• [YOUR OBJECTIVE]:
Output exactly the lines of the listing below that run from the line with "Hi guys, welcome" through the line with "Next we have". No pictures.

• [EXERCISE INPUTS]:

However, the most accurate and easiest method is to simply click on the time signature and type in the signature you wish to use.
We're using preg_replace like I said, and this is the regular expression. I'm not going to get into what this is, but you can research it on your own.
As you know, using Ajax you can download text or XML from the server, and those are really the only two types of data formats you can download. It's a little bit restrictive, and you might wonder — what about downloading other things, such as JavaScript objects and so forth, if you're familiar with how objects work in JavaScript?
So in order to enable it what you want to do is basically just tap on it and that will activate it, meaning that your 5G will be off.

...

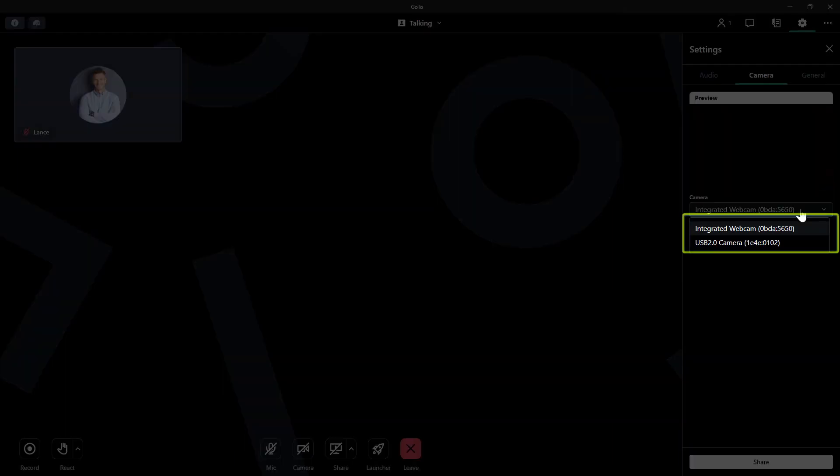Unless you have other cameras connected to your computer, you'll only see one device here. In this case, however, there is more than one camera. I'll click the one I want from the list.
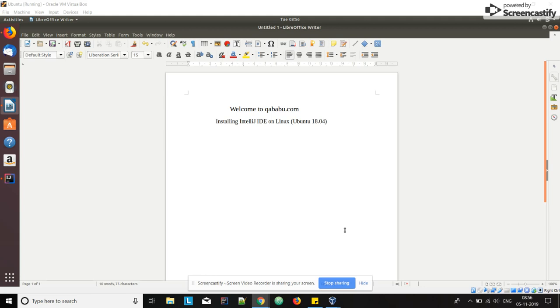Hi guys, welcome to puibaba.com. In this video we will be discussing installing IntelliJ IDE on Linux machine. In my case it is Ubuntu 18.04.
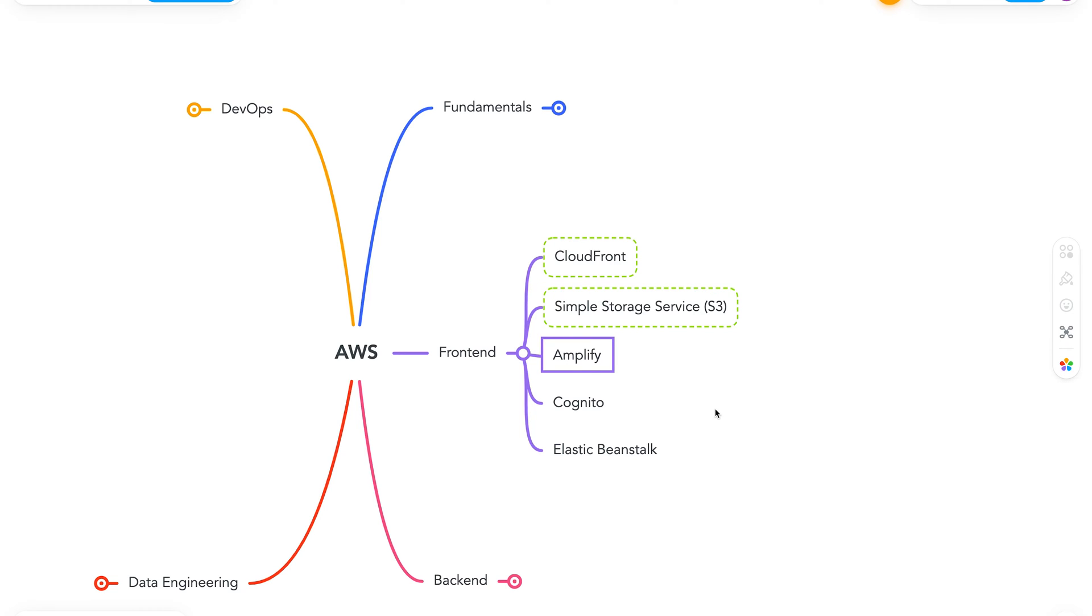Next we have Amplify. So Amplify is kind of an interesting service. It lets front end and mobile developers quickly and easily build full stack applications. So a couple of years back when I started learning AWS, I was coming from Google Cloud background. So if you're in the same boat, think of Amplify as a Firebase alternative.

...

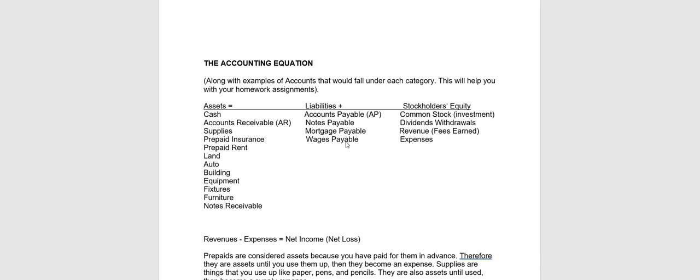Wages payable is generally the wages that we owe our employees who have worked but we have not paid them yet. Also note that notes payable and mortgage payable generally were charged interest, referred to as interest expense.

• [RESPONSE FOR THIS EXERCISE]:
Hi guys, welcome to puibaba.com. In this video we will be discussing installing IntelliJ IDE on Linux machine. In my case it is Ubuntu 18.04.
Next we have Amplify. So Amplify is kind of an interesting service. It lets front end and mobile developers quickly and easily build full stack applications. So a couple of years back when I started learning AWS, I was coming from Google Cloud background. So if you're in the same boat, think of Amplify as a Firebase alternative.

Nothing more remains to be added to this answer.